Morgan, Lewis & Bockius
1800 M Street, N.W.,
Washington, D.C. 20036
RE: Country of Origin Marking - Cream Haircolor Product;
Dye; Substantial Transformation.
Dear Mr. Lindsey:
This is in response to your submission dated November 16,
1990, in which you request, on behalf of your client, a ruling
concerning the country of origin marking requirements applicable
to an imported cream haircolor preparation.
FACTS:
As set forth in your submission, your client proposes to
import from [A ] to the U.S. a haircolor product which is
manufactured for his account in [A ]. The constituents of
the product are partly of [A ] origin, but several,
including the [ ], are imported to [A ] from [B
]. After importation to the U.S. in disposable tubes, the hair
color is combined for retail sale in a carton with developing
lotion, an applicator cap, gloves, and instructions, all of which
are manufactured in the U.S.
It is your position that for country of origin marking
purposes the country of origin of the cream haircolor product is
[A ], as that country is the country of production.

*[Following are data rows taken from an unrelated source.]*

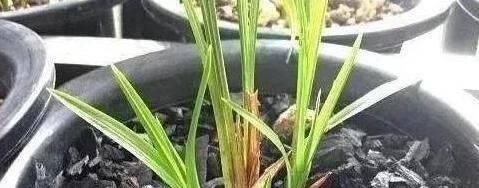 操作方法|花盆里埋点“它”,不烂根,不黄叶,杀菌消毒还透气,根壮花还旺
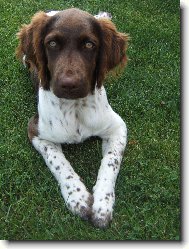 Mal� m�nsterlandsk� oha�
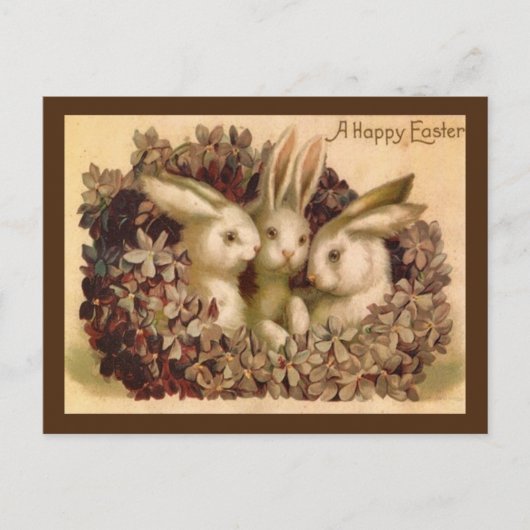 Drie Bunnies  paasbegroet Briefkaart (Voorkant)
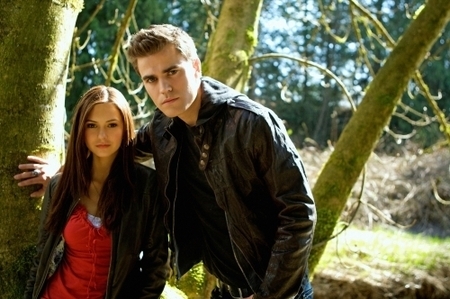 the-vampire-diarides - The Vampire Diaries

Production of the cream haircolor consists of blending and
heating two separate groups of ingredients which are then mixed
to form an emulsion. Other ingredients, including [
] are then blended into the emulsion. This blending is
done under a [ ]. You state that the [ ] and
the finished product are separate commercial goods sold in
separate markets, and that before production in [A ] the [
] is neither used by nor capable of being used by the consumer as
a hair color product. You argue that the [ ] undergoes a
change in name, character, and use in becoming part of the cream
hair color product which is a product of [A ].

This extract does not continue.